Sultan Abdülaziz Paris seyahatinde, alay ve tören arabaları ile İstasyondan alınarak İmparatorluk Sarayı’na götürülmüş, Tuilleries Sarayı’nda İmparatoriçe Eugénie tarafından karşılanmış ve ilk kez orada tanışmışlardı.
Bu güzelliği ve zekasıyla meşhur olan İmparatoriçe daha ilk bakışta Sultan’ın aklını başından almış, seyahat boyunca aklı onda kalmıştı.
Yemekten sonra Sultan Abdülaziz ve beraberindeki heyet kendilerine tahsis edilen Elysée Sarayına geçmek üzere Tuilleries Sarayı’ndan ayrılmışlardı.
Ertesi sabah, Pazartesi günü, İmparator III. Napoleon ile birlikte Eski Fransa krallarından Louis’in görkemli saltanat arabası ile Sanayi Fuarının düzenlendiği Kristal Palas’a gidilmiş, Sanayi Fuarı gezilmiş, yeni ürünleri icad eden sanatkar ve sanayicilere İmparator, İmparatoriçe ve Sultan tarafından birlikte ödül ve nişanlar verilmiş, sonrasında tekrar saraya dönülmüştü.
Sultan Abdülaziz, İmparatoriçe Eugénie’yi bir daha ancak iki sene sonra İmparatoriçe’nin Mısır’a Suveyş Kanalının açılış merasimine giderken Fransız emperyal yatı “L’aigle” ile Ekim 1869’da İstanbul’a uğraması sayesinde görebilmişti.
Fransa İmparatoriçesi Eugenie şerefine Beykoz Çayırı’nda düzenlenen av partileri sırasında buraya Hümâyunâbâd Kasrı (Tokat Köşkü) inşaa edilmişti.

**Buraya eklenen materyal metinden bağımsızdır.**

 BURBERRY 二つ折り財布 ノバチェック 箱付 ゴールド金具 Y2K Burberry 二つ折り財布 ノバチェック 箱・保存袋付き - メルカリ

Ancak bu pavyondan günümüze hiçbir iz kalmamıştır.
Beylerbeyi Sarayı’nda misafir edilen İmparatoriçe ile 17 Ekim gecesi saatlerce beraber kalmışlar ve bu çok özel anlar yıllarca bir söylenti olarak dilden dile aktarılmıştı. Bu efsanenin gercekliği ve detayları ancak yakın bir tarihte İspanyol Cervantes Enstitüsü Müdürü Pablo Martin Asuero’nun yazıp yayınladığı “Mavi Sütunlu Saray” adlı kitapta ortaya cıkmış oldu.